ASHLEIGH BANFIELD, CNN ANCHOR: We are continuing our discussion on the case of Steven Avery, the subject of the Netflix series, "Making a Murderer." Avery was exonerated after being wrongfully imprisoned for 18 years.

Some time after his release, he was then accused of murdering a young photographer. Avery maintains that he was framed by the sheriff's department associated with his first arrest, and he was suing them, and he made that claim to HLN's Nancy Grace back in 2005.

(BEGIN VIDEO CLIP)

NANCY GRACE, HLN: Mr. Avery, do you feel like you are being framed in any way?

STEVEN AVERY: Yes.

GRACE: Why?

AVERY: Because every time I turn around, the county is always doing something to me.

GRACE: In this case, do you think that you are being framed?

AVERY: Yeah, I am being setup because of my lawsuit, and everything else.

GRACE: Because of your previous incarceration you're suing?

AVERY: Yes. They set me up then, and then...

GRACE: Well, do you think it has anything to do with her car being found at your auto shop?

AVERY: No. I tell you, it's because of my name and what they -- what I went through from them.

(END VIDEO CLIP)

BANFIELD: What he went through from them landed them a big suit, and these two know a lot about the case. CNN Legal Analyst Paul Callan along with Laura Coates, former Assistant U.S. Attorney for the District of Columbia.

Laura, let me start with you, real quickly, we just talked with their -- with Steven Avery's one of his attorneys, and about the possibility of the new case being launched, a federal case in the case of Brendan, the nephew.

Brendan's case is integral to Steven's case, they were co- conspirators, they, you know, allegedly and now convicted of carrying this murder out together. But, a federal habeas corpus case based on the statements made by his attorney, very leading statements suggesting this kid was guilty before it a reason, met (ph) with him, what are the chances that will actually get attraction?

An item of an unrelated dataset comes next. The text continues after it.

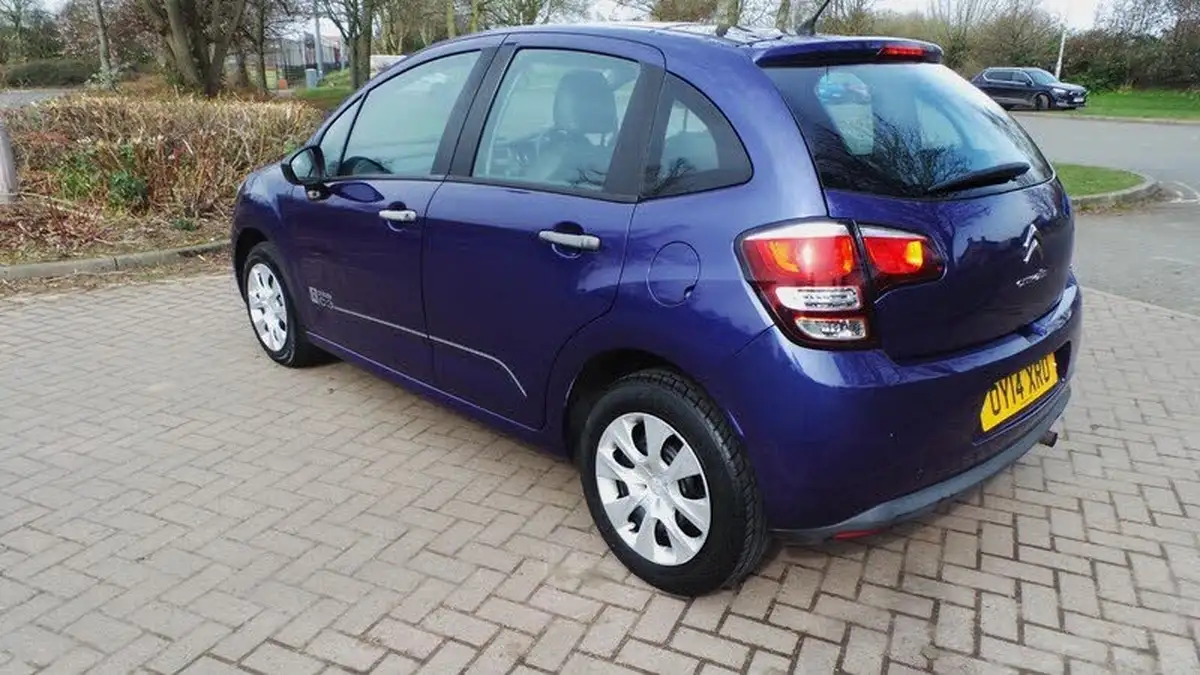 2014-citroen-c3-10-vt-big-10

[12:55:12] LAURA COATES, FORMER ASSISTANT U.S. ATTORNEY, WASHINGTON D.C: Well, you know, the statements that he made, I mean, they're very, very incriminating and they're very bad for Brendan.

However, the court's going to look at the overall trial, they're not going to look at an isolated statement. They're looking to see if the breadth of the trial reflected whether or not this person had good counsel. Was this counsel fair? Were they loyal to this person? Is it somebody that was trying to actually advocate on behalf of Brendan?

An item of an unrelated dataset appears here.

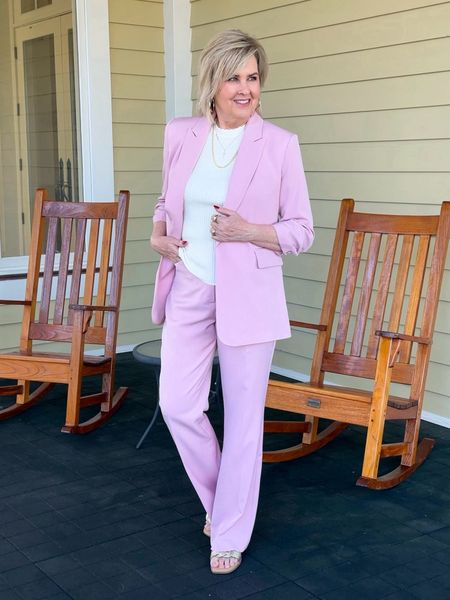 Today I’m partnering with @walmart to bring you 3 outfits for Easter. #walmartpartner I’ve had a lot of requests already for Easter outfits since Easter is early this year. When I was younger, I only wore dresses for Easter, but now I love wearing pants when I can. 



@walmartfashion #walmartfashion #easteroutfit 

#LTKfindsunder50 #LTKover40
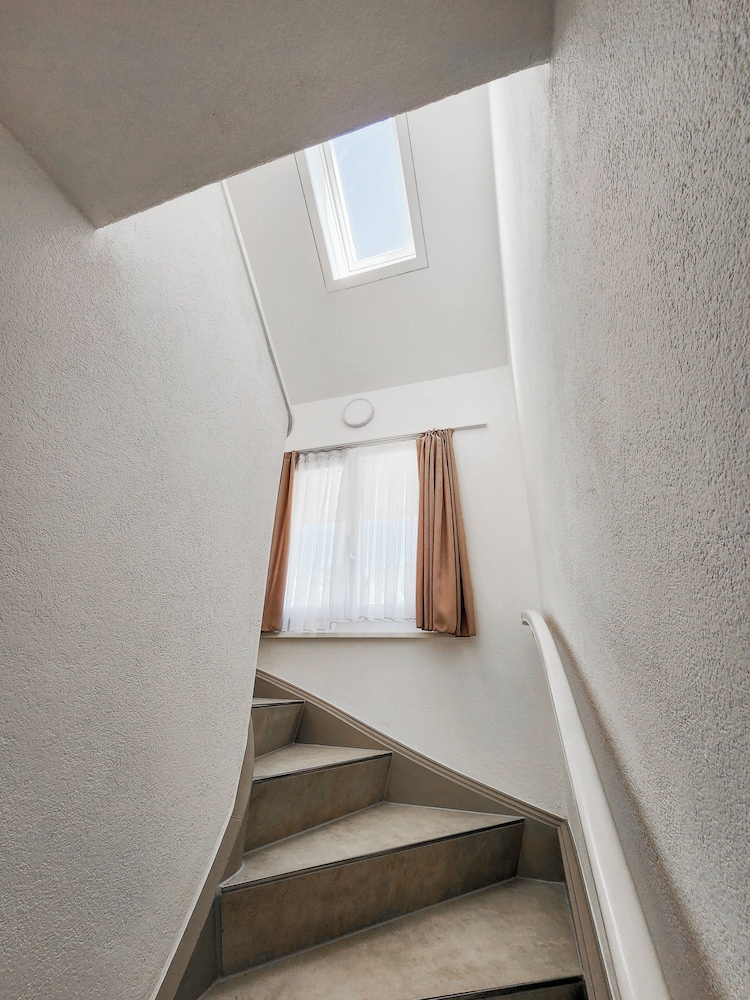 VK - VBD - Zurich Airport - Homestay - Villa Bassersdorf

Looking at the whole case, I think there might maybe evidence that he actually was will and trying to be an effective counsel for this young man, but you have to get over the hurdle of that confession. That confession is very, very damning and you have to address that point in whether the lawyer did a good enough job of trying to slice and dice why that was a bad and forced coercion.

BANFIELD: But he never even spoken to his client before he said...

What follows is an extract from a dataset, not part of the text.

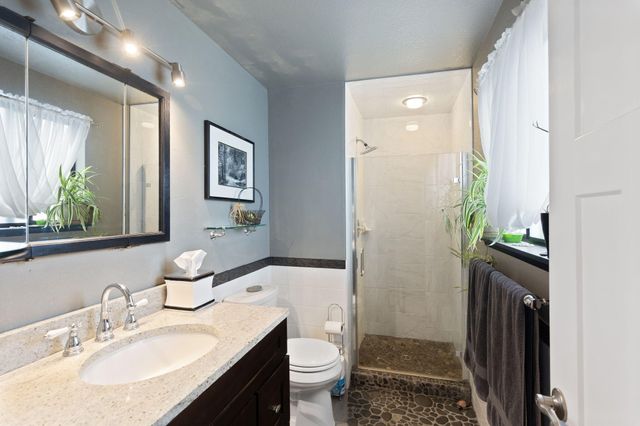 1335 NW Prospect Avenue, Grants Pass, OR 97526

COATES: Right, he never did.

BANFIELD: Yeah, clearly the -- he is responsible for this crime(ph).

Paul, what about this, if either these cases ends up back in the courtroom, if either of these cases are successful in a motion for tossing out the verdict and retrial, ostensibly there would be a brand new prosecutor because the old one had to step down after some really dirty "texting" and "sexting", well I mean it's just really filthy stuff, disgraced, new prosecutor, new mindset among the electorate that elects prosecutors, would it make a difference?

PAUL CALLAN, CNN LEGAL ANALYST: I don't know, because bear in mind that Avery had a very favorable sort of mindset from his jurors going in because they had reversed the other conviction, the previous one and he -- that everybody knew the sheriff's office framed him in that.

So, now, he's going to say, I got framed twice, in a lot of respects that's a harder defense to sell.

And, so this case is so interesting, I fully understand why people are obsessed with it.

BANFIELD: An obsession is absolutely the right word. Laura, thank you. Paul, thank you. And call me when you get to that last episode.

CALLAN: All right, I will.

[12:57:00] BANFIELD: Thanks everyone for watching. My colleague, Wolf Blitzer, starts right now.